End-to-End Dense Video Captioning with Masked Transformer

This is the source code for our paper End-to-End Dense Video Captioning with Masked Transformer. It mainly supports dense video captioning on generated segments. To generate captions on GT segments, please refer to our new GVD repo and also our notes.

Requirements (Recommended)

Miniconda3 for Python 3.6
CUDA 9.2 and CUDNN v7.1
PyTorch 0.4.0. Follow the instructions to install pytorch and torchvision.
Install other required modules (e.g., torchtext)

pip install -r requirements.txt

Optional: If you would like to use visdom to track training do pip install visdom

Optional: If you would like to use spacy tokenizer do pip install spacy

Note: The code has been tested on a variety of GPUs, including 1080 Ti, Titan Xp, P100, V100 etc. However, for the latest RTX GPUs (e.g., 2080 Ti), CUDA 10.0 and hence PyTorch 1.0 are required. The code needs to be upgraded to PyTorch 1.0.

Data Preparation

Annotation and feature

For ActivityNet, download the re-formatted annotation files from here, decompress and place under directory data. The frame-wise appearance (with suffix _resnet.npy) and motion (with suffix _bn.npy) feature files for each spilt are available [train (27.7GB), val (13.7GB), test (13.6GB)] and should be decompressed and placed under your dataset directory (refer to as feature_root in the configuration files).

Similarly for YouCook2, the annotation files are available here and should be placed under data. The feature files are [train (9.6GB), val (3.2GB), test (1.5GB)].

You could also extract the feature on your own with this code. Note that ActivityNet is processed with an older version of the repo while YouCook2 is processed with the latest code which had a minor change regarding the sampling approach. This accounts for the difference in the formulation of frame_to_second conversion.

Evaluate scripts

Download the dense video captioning evaluation scripts and place it under the tools directory. Make sure you recursively clone the repo. Our code is equavalent to the official evaluation code from ActivityNet 2017 Challenge, but faster. Note that the current evaluation scripts had a few major bugs fixed towards ActivityNet 2018 Challenge.

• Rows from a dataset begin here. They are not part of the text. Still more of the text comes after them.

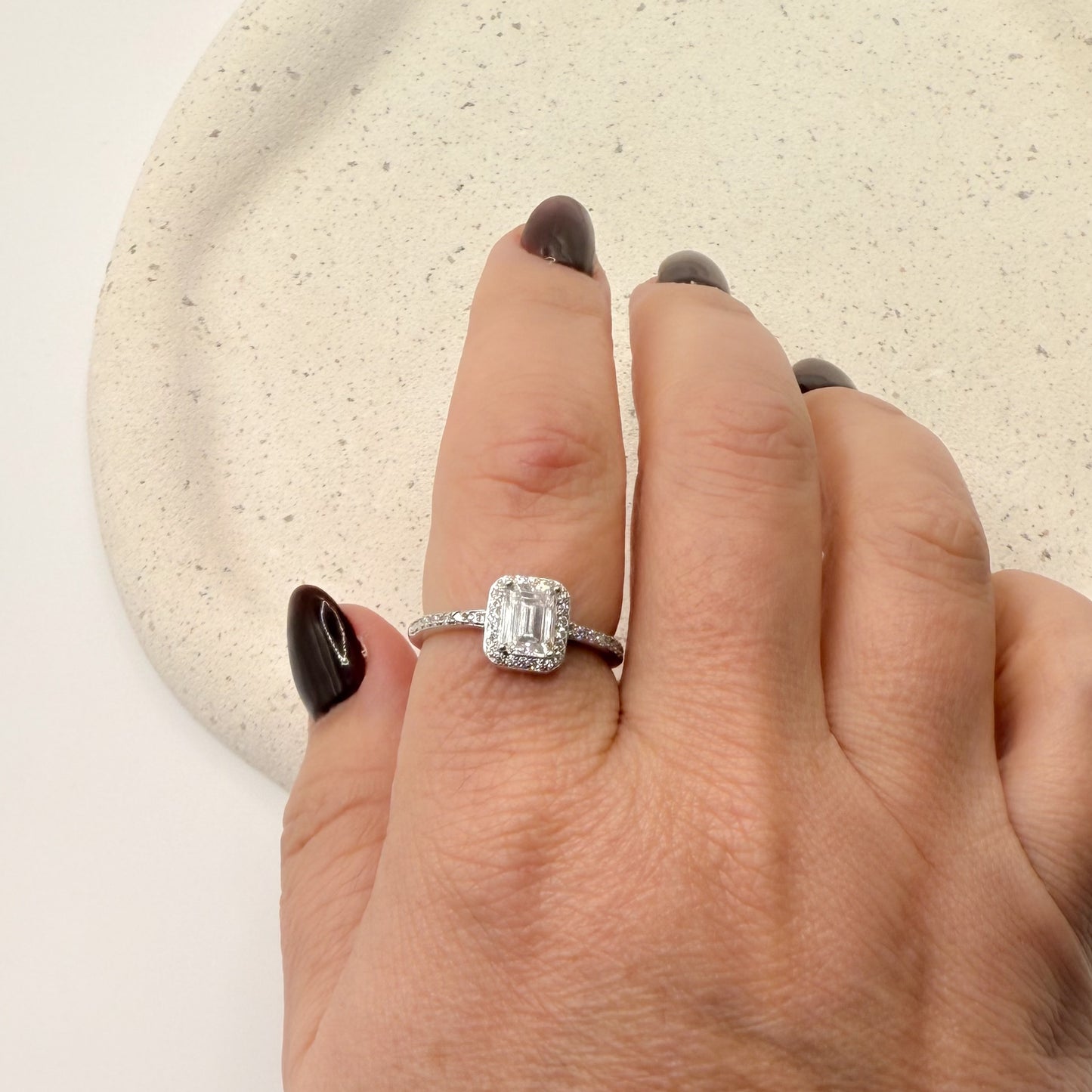 RING SOLITAIRE EMERALD CUT MOISSANITE 1CT (size 9US)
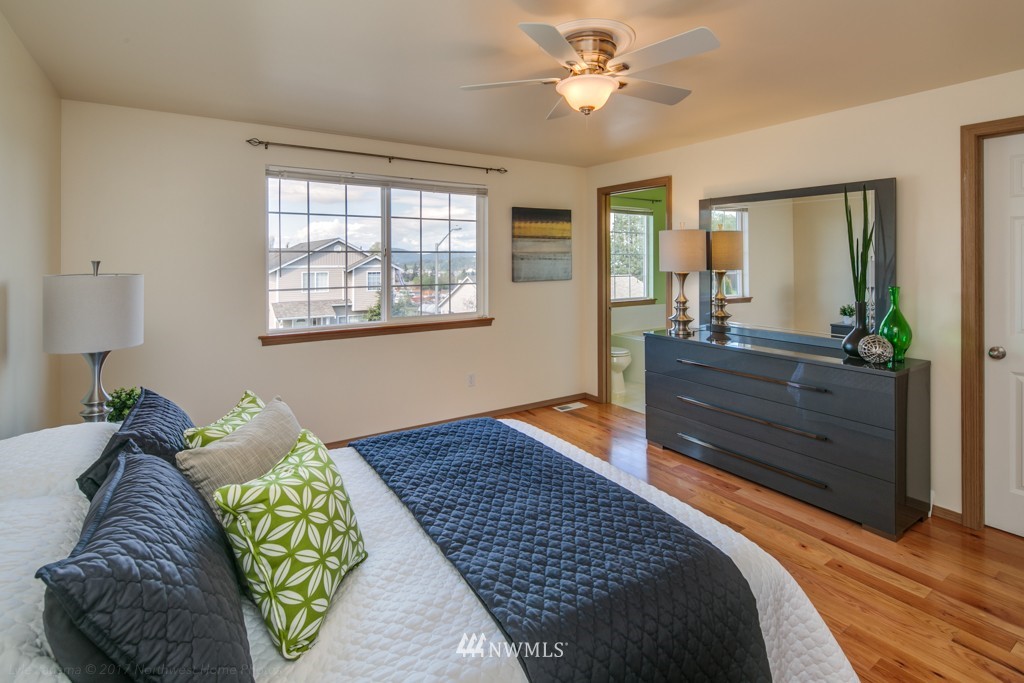 1315 37th Street Anacortes, WA 98221 - Photo 10 of 24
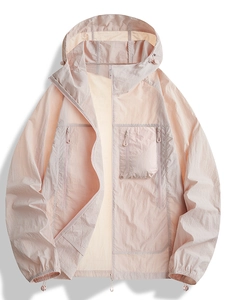 Veste de protection solaire UPF50+ en soie glacée avec capuche et poches rose clair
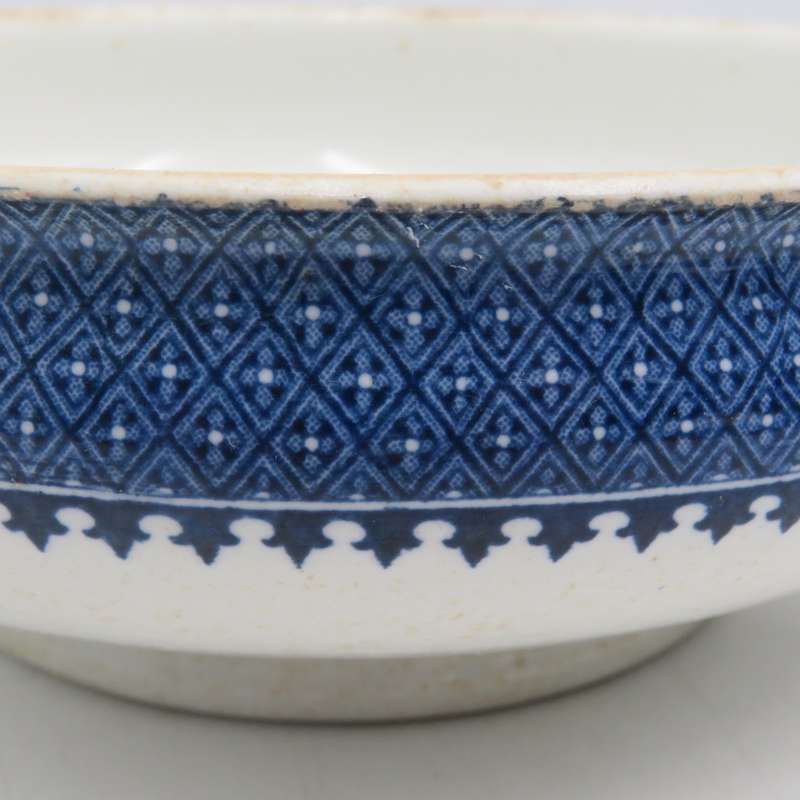 Antique  Lynn Wedgwood Etruria serving bowl with lid - lid handle chipped.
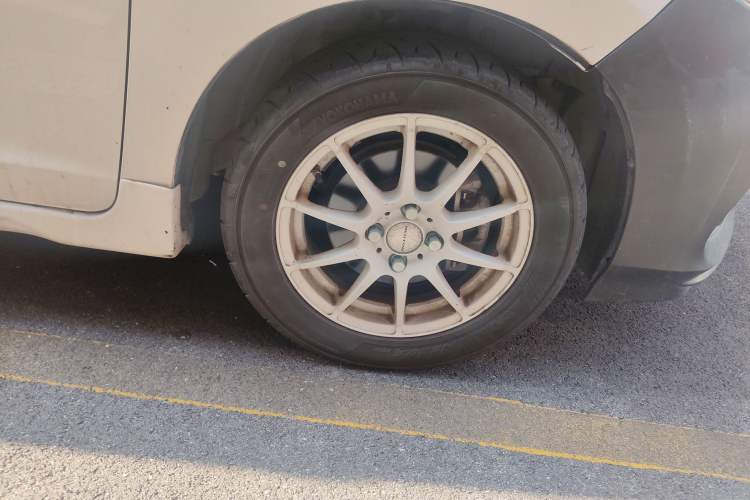 Used Honda Fit 2018 1.5L Manual Comfort Version Right Front Wheel Hub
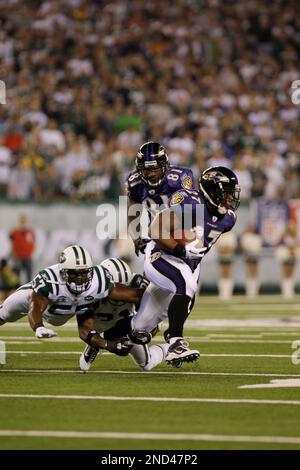 18 October 2009 : New York Jets linebacker Bart Scott (57) lines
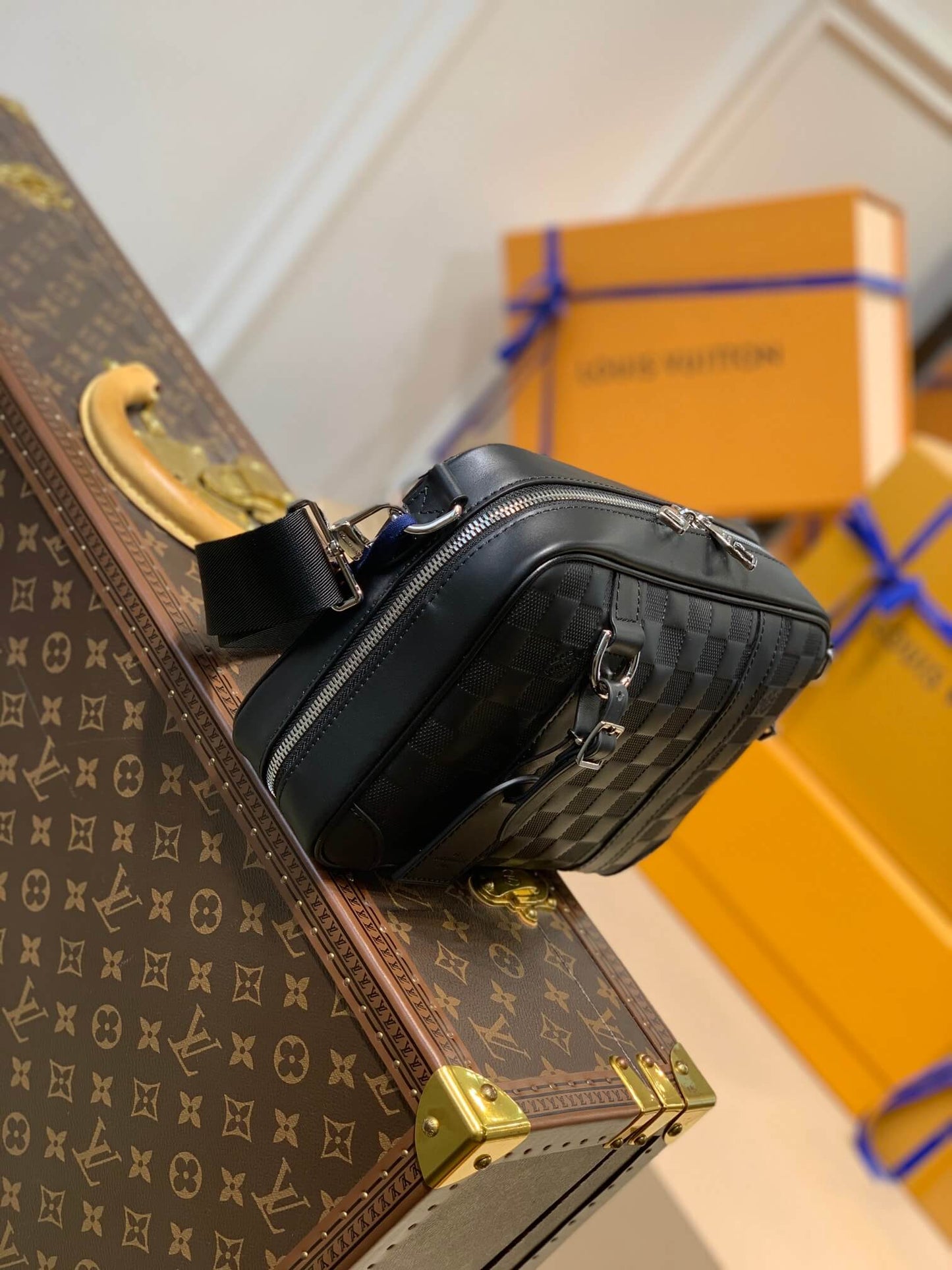 n45286 sirius damier infini onyx 27cm black
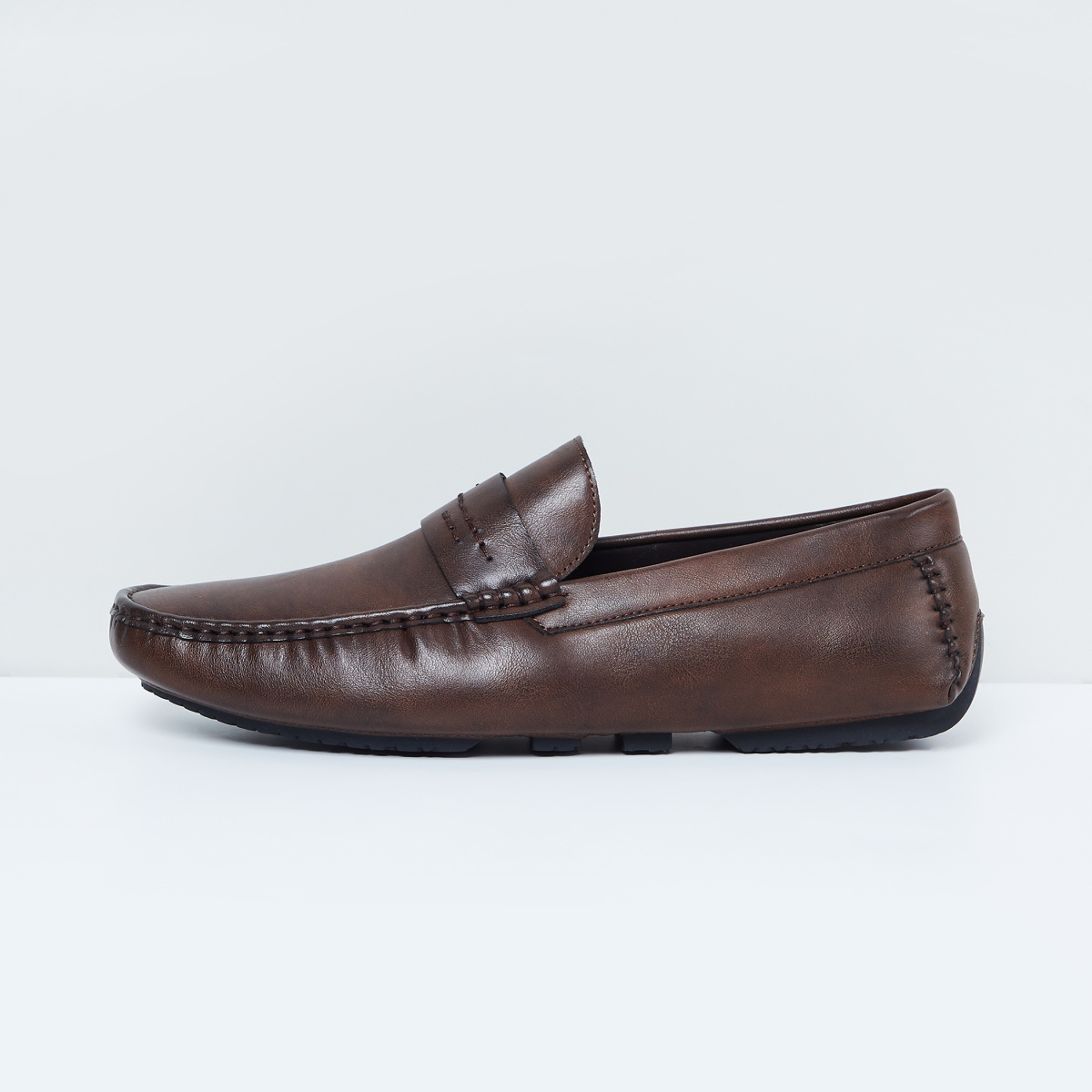 MAX Solid Casual Loafers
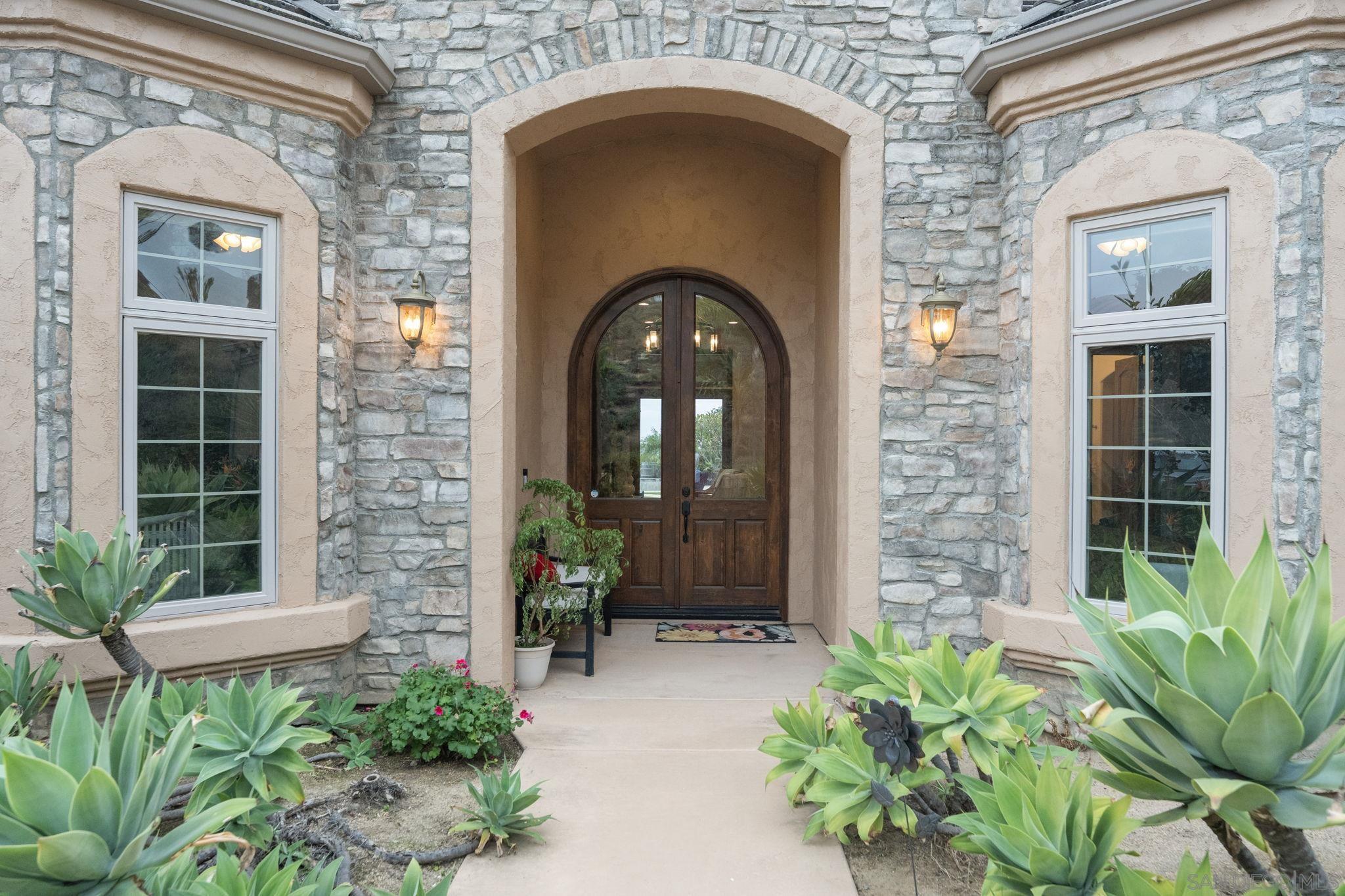 Detail Gallery Image 32 of 72 For 15480  Eastvale Rd, Poway,  CA 92064 - 5 Beds | 4/1 Baths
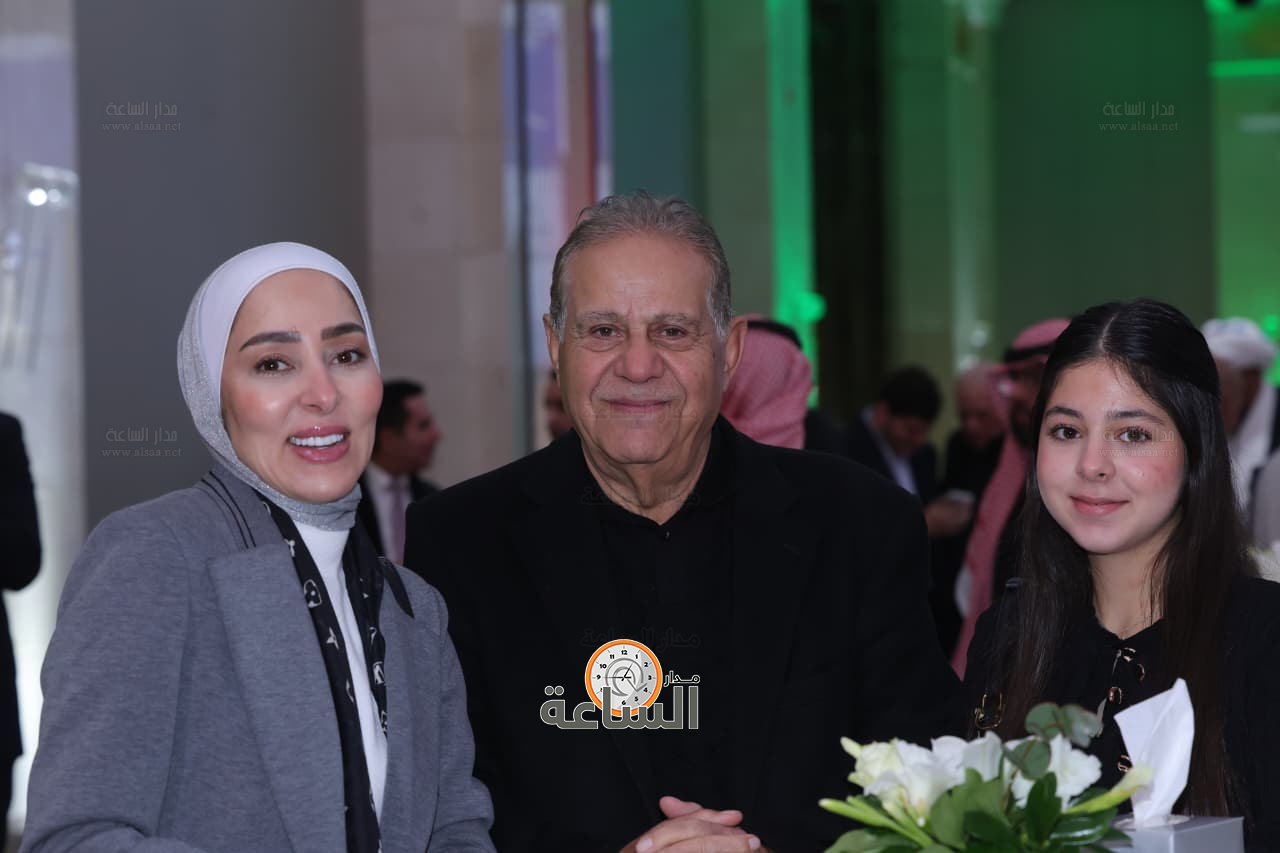 Madar Al-Saa Images 0.43224452580697104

The evaluate script for event proposal can be found under tools.

Training and Validation

First, set the paths in configuration files (under cfgs) to your own data and feature directories. Create new directories log and results under the root directory to save log and result files.

The example command on running a 4-GPU distributed data parallel job (for ActivityNet):

For Masked Transformer:

CUDA_VISIBLE_DEVICES=0 python3 scripts/train.py --dist_url $dist_url --cfgs_file $cfgs_file \
    --checkpoint_path ./checkpoint/$id --batch_size $batch_size --world_size 4 \
    --cuda --sent_weight $sent_weight | tee log/$id-0 &
CUDA_VISIBLE_DEVICES=1 python3 scripts/train.py --dist_url $dist_url --cfgs_file $cfgs_file \
    --checkpoint_path ./checkpoint/$id --batch_size $batch_size --world_size 4 \
    --cuda --sent_weight $sent_weight | tee log/$id-1 &
CUDA_VISIBLE_DEVICES=2 python3 scripts/train.py --dist_url $dist_url --cfgs_file $cfgs_file \
    --checkpoint_path ./checkpoint/$id --batch_size $batch_size --world_size 4 \
    --cuda --sent_weight $sent_weight | tee log/$id-2 &
CUDA_VISIBLE_DEVICES=3 python3 scripts/train.py --dist_url $dist_url --cfgs_file $cfgs_file \
    --checkpoint_path ./checkpoint/$id --batch_size $batch_size --world_size 4 \
    --cuda --sent_weight $sent_weight | tee log/$id-3

For End-to-End Masked Transformer:

CUDA_VISIBLE_DEVICES=0 python3 scripts/train.py --dist_url $dist_url --cfgs_file $cfgs_file \
    --checkpoint_path ./checkpoint/$id --batch_size $batch_size --world_size 4 \
    --cuda --sent_weight $sent_weight --mask_weight $mask_weight --gated_mask | tee log/$id-0 &
CUDA_VISIBLE_DEVICES=1 python3 scripts/train.py --dist_url $dist_url --cfgs_file $cfgs_file \
    --checkpoint_path ./checkpoint/$id --batch_size $batch_size --world_size 4 \
    --cuda --sent_weight $sent_weight --mask_weight $mask_weight --gated_mask | tee log/$id-1 &
CUDA_VISIBLE_DEVICES=2 python3 scripts/train.py --dist_url $dist_url --cfgs_file $cfgs_file \
    --checkpoint_path ./checkpoint/$id --batch_size $batch_size --world_size 4 \
    --cuda --sent_weight $sent_weight --mask_weight $mask_weight --gated_mask | tee log/$id-2 &
CUDA_VISIBLE_DEVICES=3 python3 scripts/train.py --dist_url $dist_url --cfgs_file $cfgs_file \
    --checkpoint_path ./checkpoint/$id --batch_size $batch_size --world_size 4 \
    --cuda --sent_weight $sent_weight --mask_weight $mask_weight --gated_mask | tee log/$id-3

Arguments: batch_size=14, mask_weight=1.0, sent_weight=0.25, cfgs_file='cfgs/anet.yml', dist_url='file:///home/luozhou/nonexistent_file' (replace with your directory), id indicates the model name.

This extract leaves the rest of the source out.